Il ne faut certes pas se sentir contraint ou confiner lorsqu’on choisit d’adopter un modèle pour conter son histoire. Il faut suivre la structure qui vous convient le mieux si tant est qu’il y en ait une qui vous sied.
Cependant, il est indéniable que les mythes et les contes de fées répètent inlassablement les mêmes types de personnages. Ce ne sont pas des stéréotypes car il est greffé sur ces personnages caractérisés par notre inconscient collectif des traits de personnalité qui les rendent uniques à chaque histoire.

Il n’en reste pas moins vrai que les archétypes présentent une constance remarquable au fil du temps et des cultures désignant ainsi des types de personnages que les conteurs d’histoire ont employés et continuent d’employer pour raconter encore et toujours de nouvelles histoires.

Ces archétypes permettent donc à un auteur d’articuler les éléments dramatiques de son histoire. Ils sont bien plus que de simples outils pour obtenir un effet dramatique ou vous sortir (deus ex machina ?) de situations où vous vous êtes empêtrées et dont vous ne savez plus comment en exfiltrer vos personnages. Ce sont de véritables forces que vous devez comprendre et gardez à l’esprit que ces forces sont les mêmes qui animent les mythes immémoriaux.

Si vous identifiez chez l’un de vos personnages un comportement archétypal, vérifiez que la présence de ce personnage dans votre histoire fonctionne tel que l’archétype l’induit. Si vous estimez par exemple que l’un des personnages a une forte propension à partager ce qu’il sait, êtes-vous bien sûr que vous avez développé chez lui des qualités de mentor ?
Si sa fonction est d’enseigner, est-ce que cette fonction pèse-t-elle de toute sa signification dans l’histoire ? considérez Obi Wan Kenobi, par exemple.
Les archétypes font partie d’un langage universel.
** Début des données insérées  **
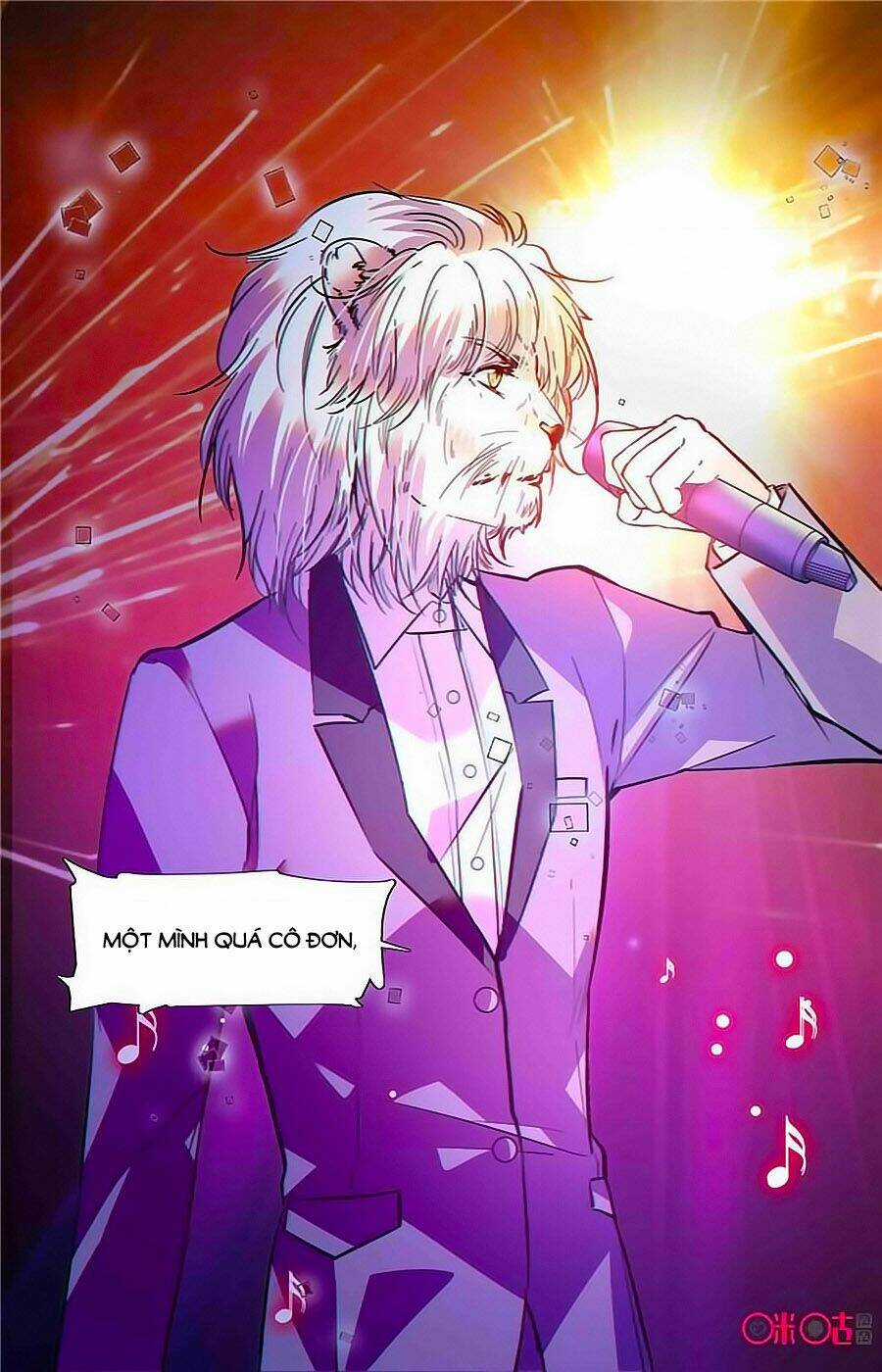 Thanh Ninh Chi Hạ - Chapter 338 - Trang 4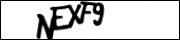 Защита от автоматических сообщений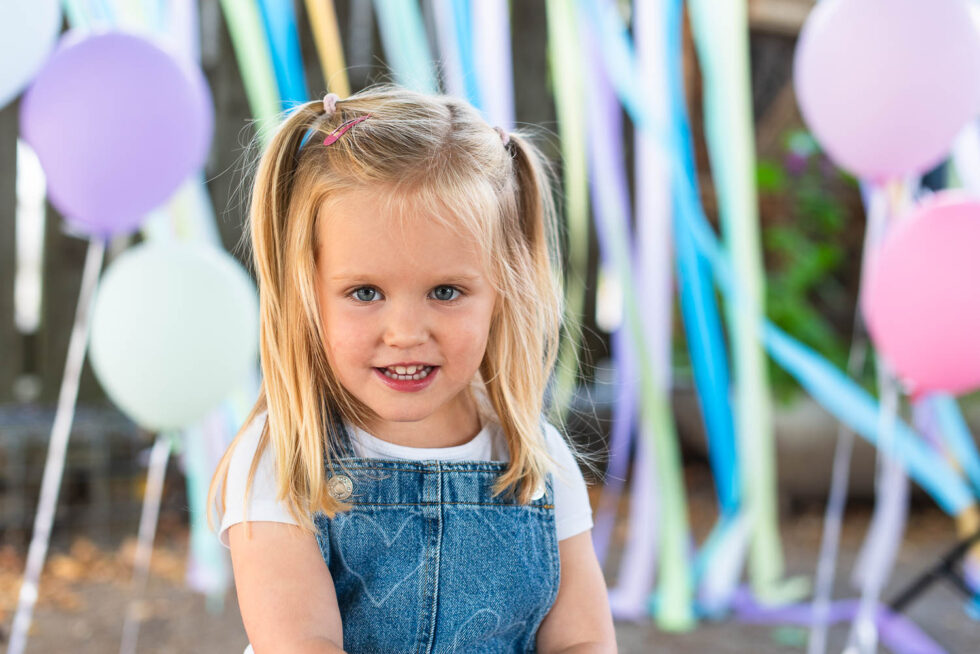 Kita Pfiffikus Niederfrohna Shootings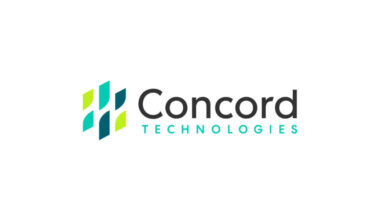 Concord Technologies Releases New Report on AI-Driven Interoperability and Operational Efficiency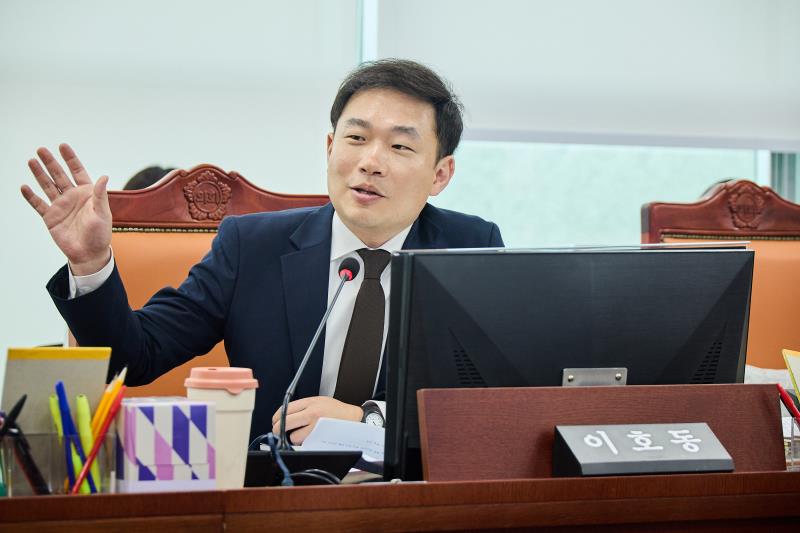 제391회 정례회 제2차 교육기획위원회_2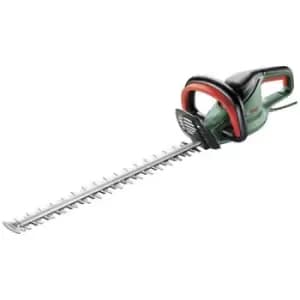 Bosch UniversalHedgeCut 06008C0703 60 480W Electric Hedge Trimmer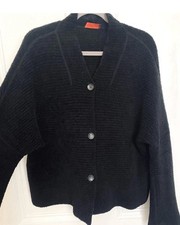 Annette gortz virgin for sale  LEAMINGTON SPA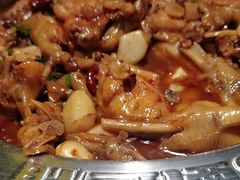 -胖哥俩肉蟹煲(苏州中心店)
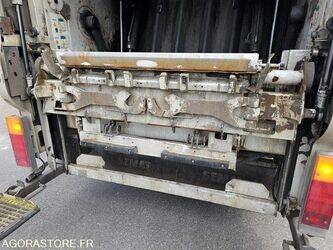 2008-renault-midlum-1425846-45637965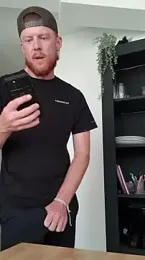 bailey_mcvicar webcam model stream image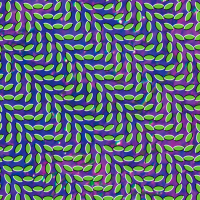 merriweather-post-pavilion merriweather-post-pavilion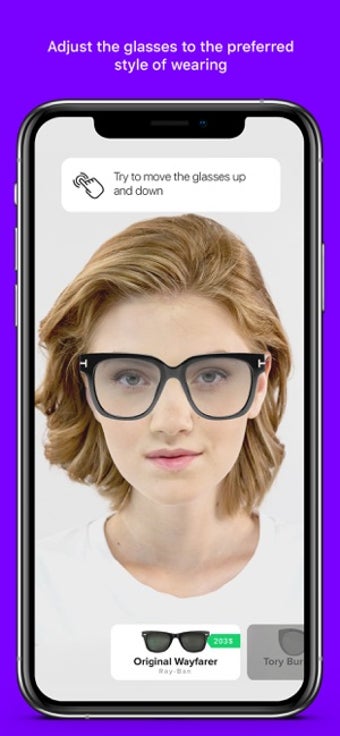 Image 1 for IDEOFIT Glasses and sungl…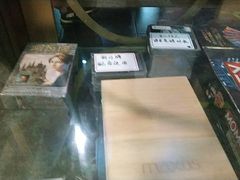 -明日世界密室轰趴·剧本桌游·箭馆团建(国贸店)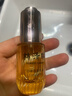 林清轩【临期清仓】山茶花润肤油3.0发光宝瓶15ml修护面部精华油护肤 实拍图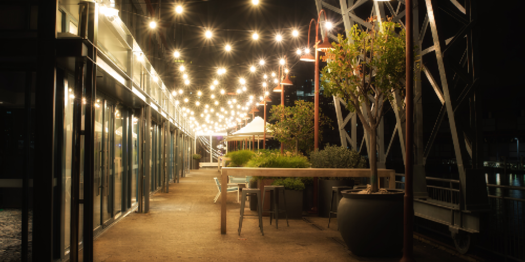 LED-Lampen und LED-Tubes bei ALL IN ONE Elektro & IT Technologie GmbH in Frankfurt am Main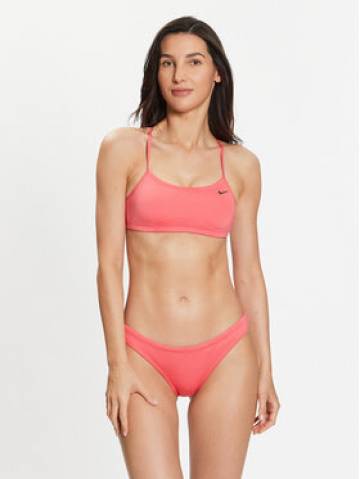 Nike Бікіні NESSA211 Рожевий Nike Бікіні NESSA211 Рожевий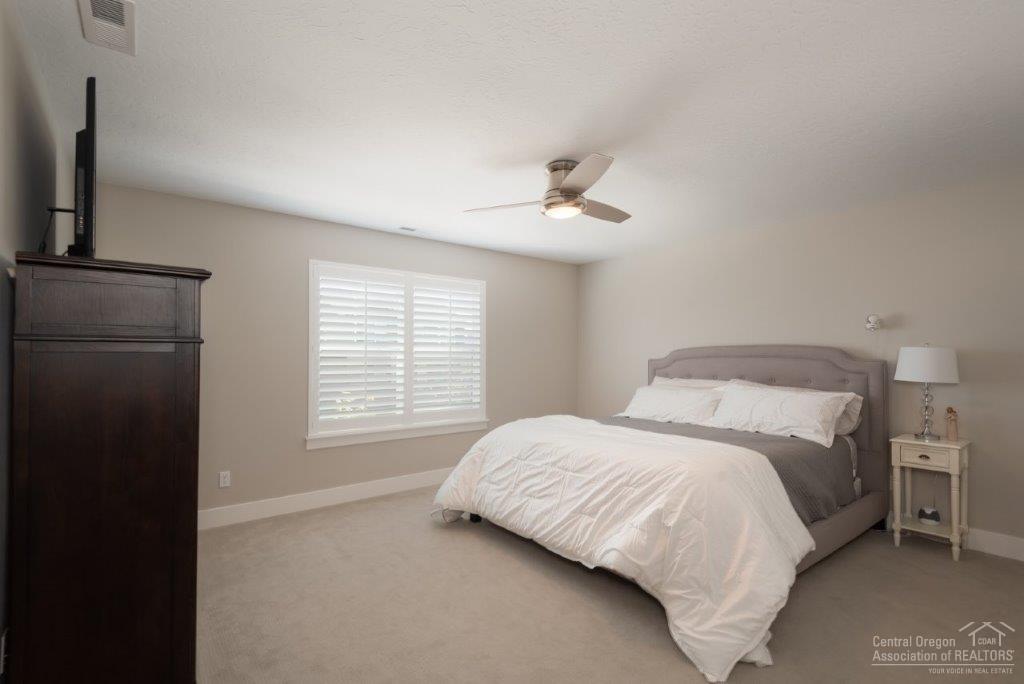 Northpointe - Residential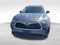 2023 Toyota Highlander Hybrid LE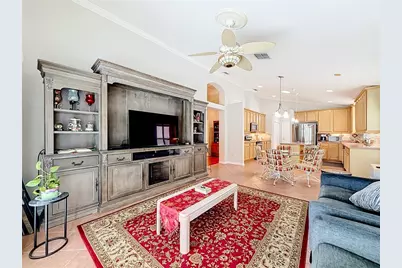 24044 Peekskill Street, Leesburg, FL 34748 - Photo 18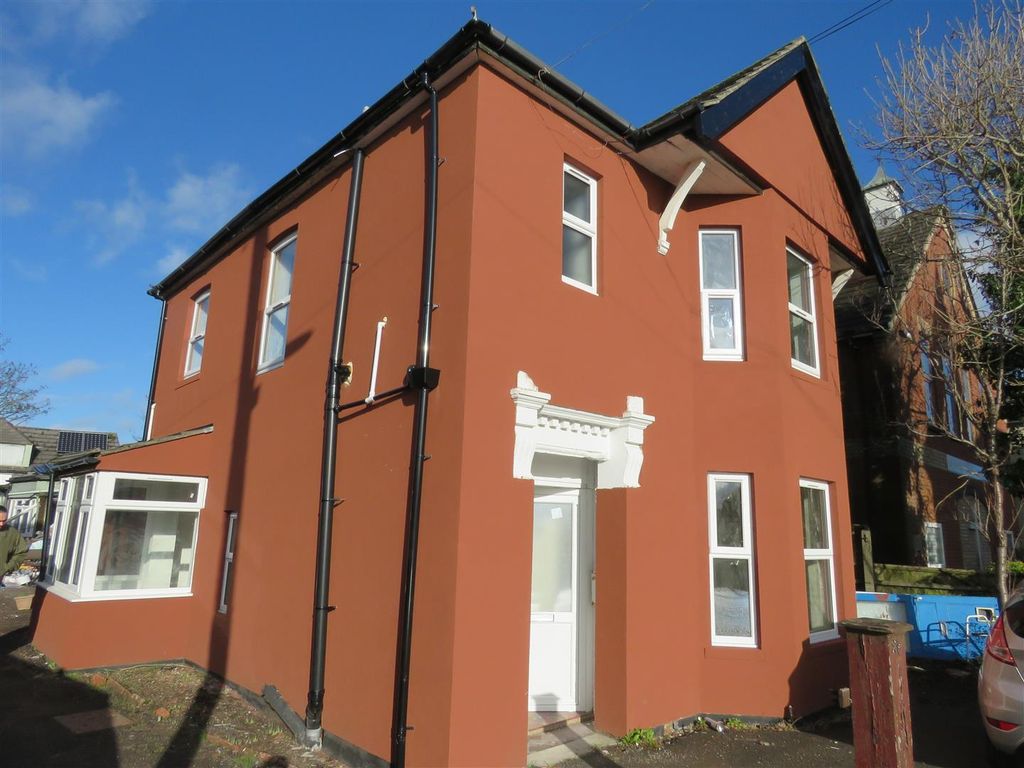 Property photo 1 of 4 Img_1357.Jpg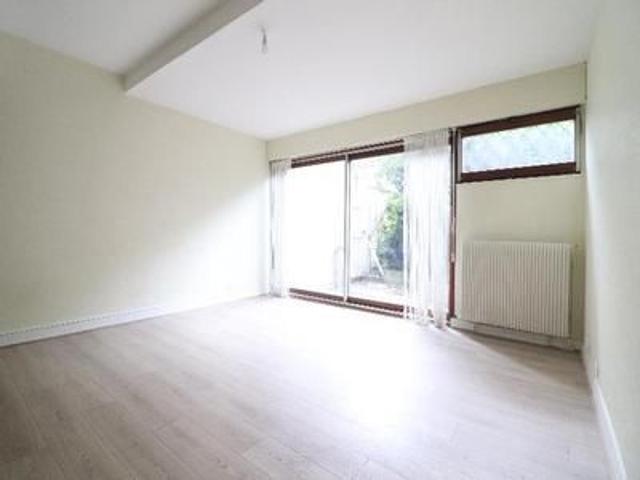 Appartement 1 pièce, 31 m² à louer à Bordeaux 33000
Les personnages qui s’en réclament sont reconnus par les lecteurs. L’auteur doit donc en maîtriser la force et utiliser leur énergie pour établir un lien entre ses personnages et ses lecteurs. En d’autres mots, le personnage n’est pas un questionnement permanent pour le lecteur. Ce dernier sait à quoi s’attendre du personnage. Même avec l’archétype du métamorphe (lorsque celui-ci affiche ouvertement son statut), le lecteur sait qu’il faut s’en méfier, que c’est un être double.

Joseph Campbell (dans la lignée de Carl Gustav Jung) considère que les archétypes sont des constituants de la psyché de tout être humain. Inconsciemment ou non, les individus répètent un même type d’attitude dans une situation donnée. L’universalité de ces modèles rend donc possible de les partager avec les personnages de fiction qui peuplent nos histoires.
Les auteurs choisissent donc naturellement des personnages et des relations entre personnages qui résonnent de l’énergie des archétypes. Cela leur permet de créer des expériences dramatiques partagées par le plus grand nombre. Considérez le succès de Star Wars et vous comprendrez ce que nous cherchons à dire.